Exercise objective:
Omit the pictures and return every entry exactly as written.

**** Provided records ****

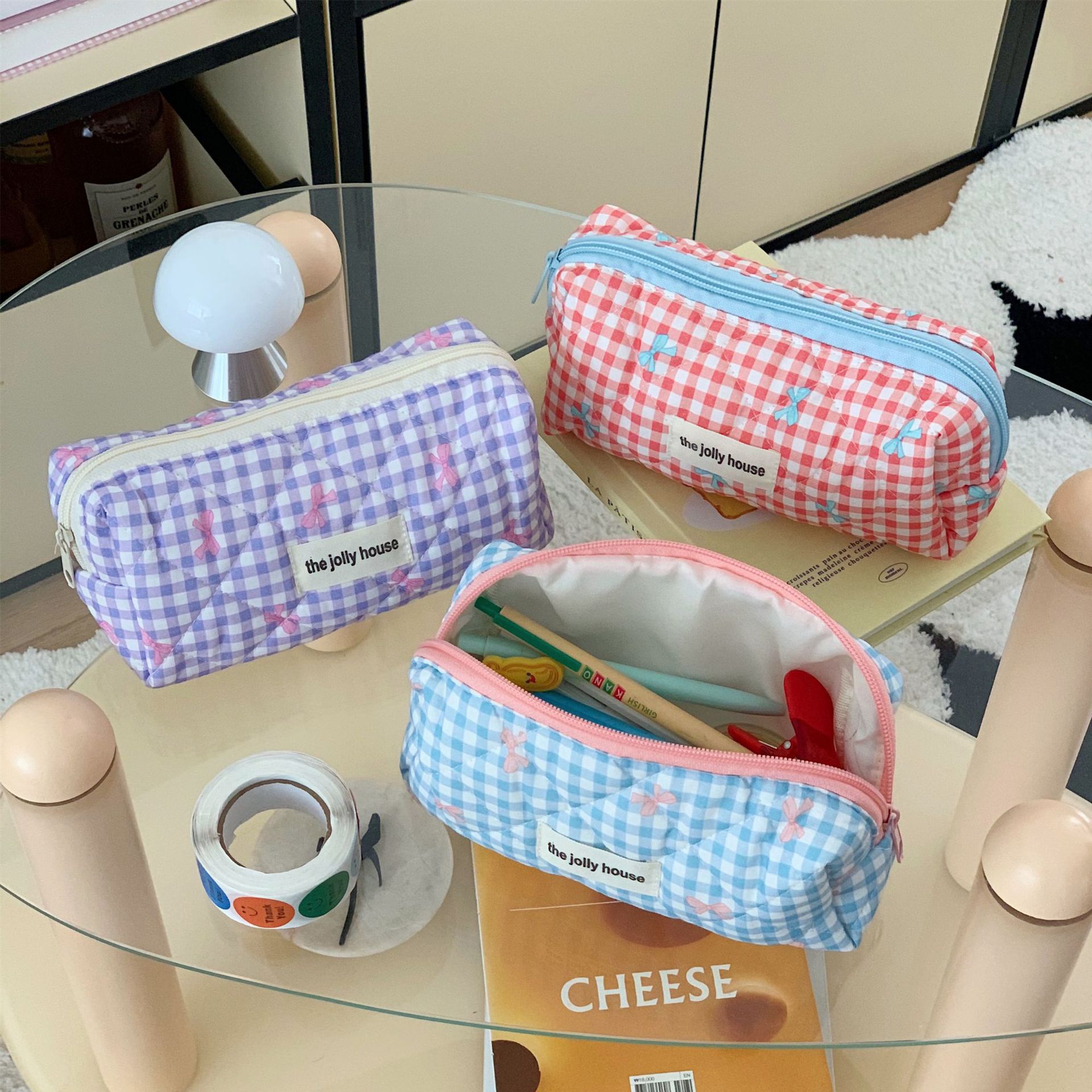 2024 New checkered bow makeup bag, high appearance level, large capacity, portable travel toiletry and storage bag for women Item Picture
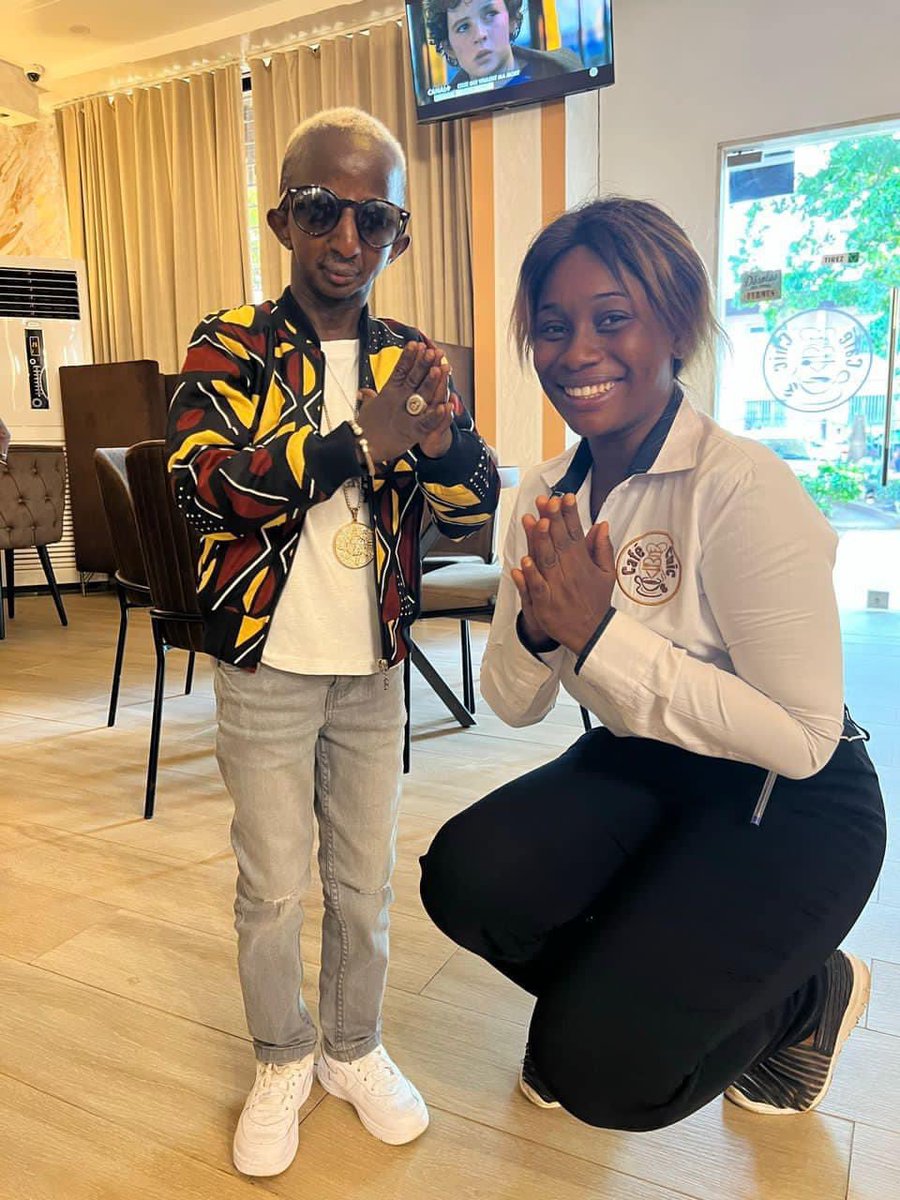 CafeChic_cky's tweet photo. La présence de l’homme le plus suivi de la Guinée 🇬🇳 ambassadeur @Grand P
Le chic coin des chics personnes , 𝐂𝐀𝐅𝐄́ 𝐂𝐇𝐈𝐂
Rendez-vous demain pour le buffet 
#INFO :  📞+224 610 058 459 
@Kaloum, Cité Chemin de Fer Conakry - Guinée https://t.co/VeT6xe0vDi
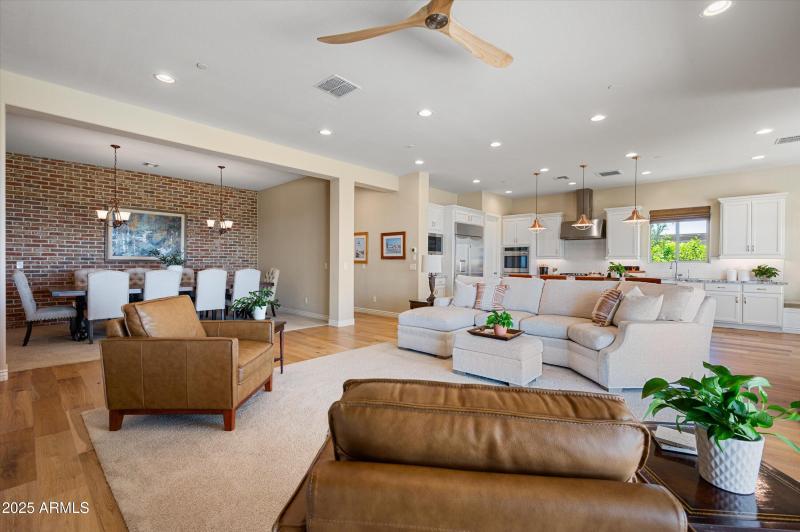 11-8651WArtemisaAve-11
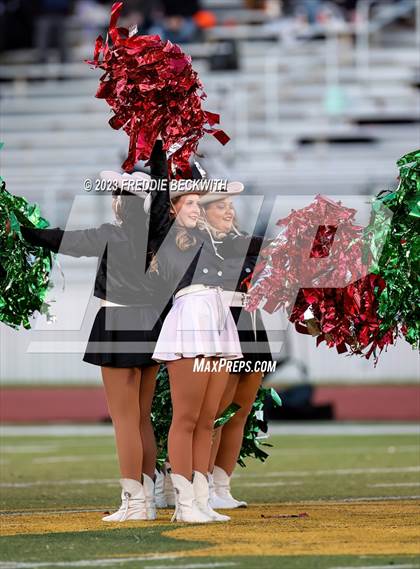 Thumbnail 3 in Gilmer vs. Aubrey (UIL 4A Regional Playoff) photogallery.
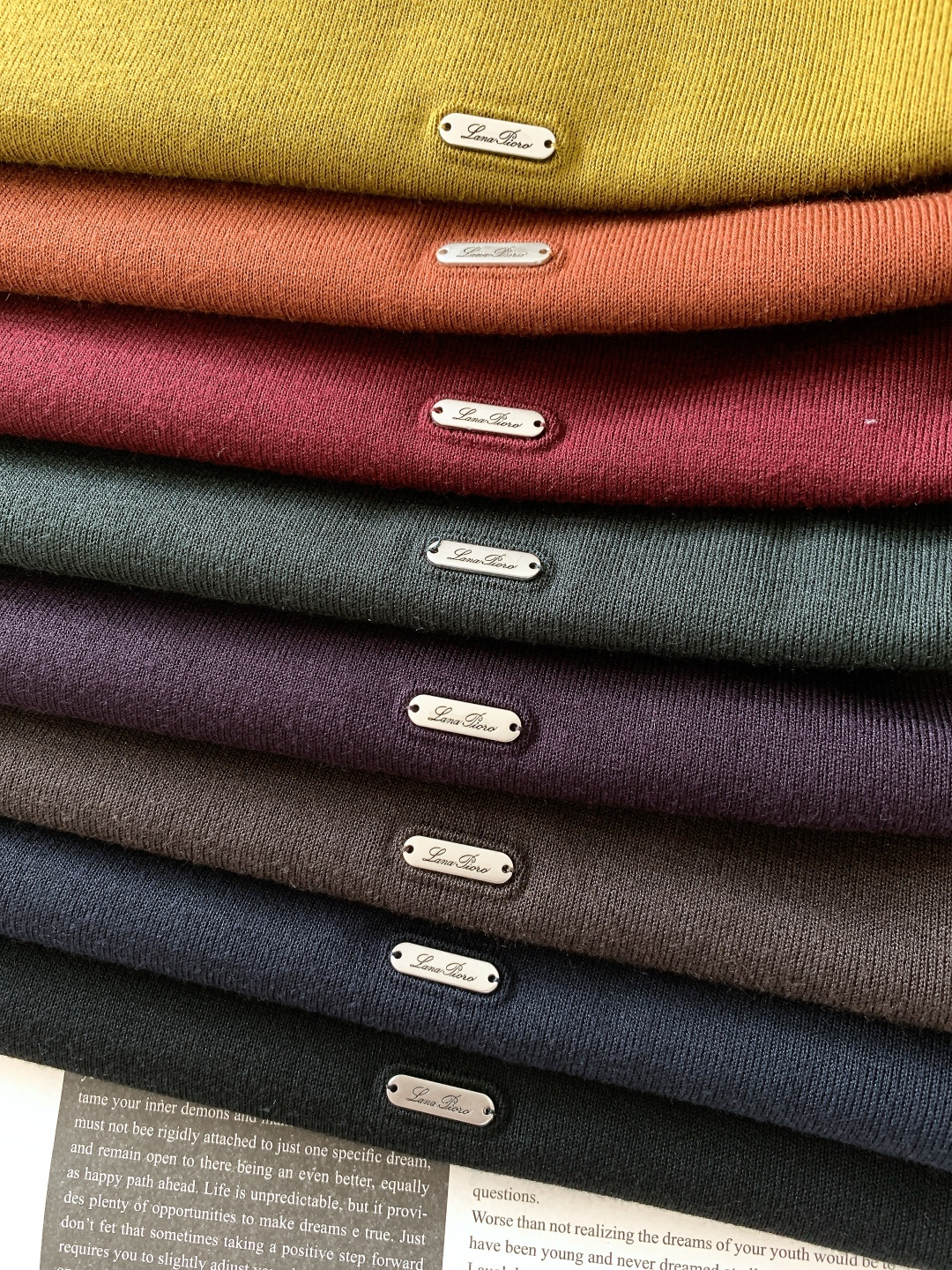 NO:595726,LoroPiana L.P 1975FW new autumn and winter casual pullover bottoming shirt is the choice for 'fabric control'. It is made of fine high-count knitted fabric, which is soft but not collapsed. It is close to the skin and breathable and has a sense of drape. It is not easy to pill and deform after long-term wear. It has both comfort and stiffness. The classic three-dimensional hardware embossed logo hides brand recognition in a low-key manner. It is simple but not monotonous.  Minimalist style + multi-color adaptability, it can be worn alone or layered on a daily basis to maintain its texture. It is a 'comfortable advanced basic model' that can be worn in all seasons. ……………………………………………… Size48-56,,loro piana,alexander wang19860909LoroPiana L.P 1975FW秋冬新品 休闲套头打底衫,是「面料控」的质感之选 采用细腻的高支针织面料,触感软而不塌,贴肤透气的同时自带垂顺感,久穿不易起球变形,兼顾舒适与挺括度. 经典立体五金浮雕标识,低调里藏着品牌辨识度,简约但不单调. 极简版型+多色系适配,日常单穿、叠穿都能撑得起质感,是能穿四季的“舒适型高级基础款”. …………………………………………………… Size48-56,,loro piana,alexander wang,Men's clothing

****

Completed exercise:
 2024 New checkered bow makeup bag, high appearance level, large capacity, portable travel toiletry and storage bag for women Item Picture
 CafeChic_cky's tweet photo. La présence de l’homme le plus suivi de la Guinée 🇬🇳 ambassadeur @Grand P
Le chic coin des chics personnes , 𝐂𝐀𝐅𝐄́ 𝐂𝐇𝐈𝐂
Rendez-vous demain pour le buffet 
#INFO :  📞+224 610 058 459 
@Kaloum, Cité Chemin de Fer Conakry - Guinée https://t.co/VeT6xe0vDi
 11-8651WArtemisaAve-11
 Thumbnail 3 in Gilmer vs. Aubrey (UIL 4A Regional Playoff) photogallery.
 NO:595726,LoroPiana L.P 1975FW new autumn and winter casual pullover bottoming shirt is the choice for 'fabric control'. It is made of fine high-count knitted fabric, which is soft but not collapsed. It is close to the skin and breathable and has a sense of drape. It is not easy to pill and deform after long-term wear. It has both comfort and stiffness. The classic three-dimensional hardware embossed logo hides brand recognition in a low-key manner. It is simple but not monotonous.  Minimalist style + multi-color adaptability, it can be worn alone or layered on a daily basis to maintain its texture. It is a 'comfortable advanced basic model' that can be worn in all seasons. ……………………………………………… Size48-56,,loro piana,alexander wang19860909LoroPiana L.P 1975FW秋冬新品 休闲套头打底衫,是「面料控」的质感之选 采用细腻的高支针织面料,触感软而不塌,贴肤透气的同时自带垂顺感,久穿不易起球变形,兼顾舒适与挺括度. 经典立体五金浮雕标识,低调里藏着品牌辨识度,简约但不单调. 极简版型+多色系适配,日常单穿、叠穿都能撑得起质感,是能穿四季的“舒适型高级基础款”. …………………………………………………… Size48-56,,loro piana,alexander wang,Men's clothing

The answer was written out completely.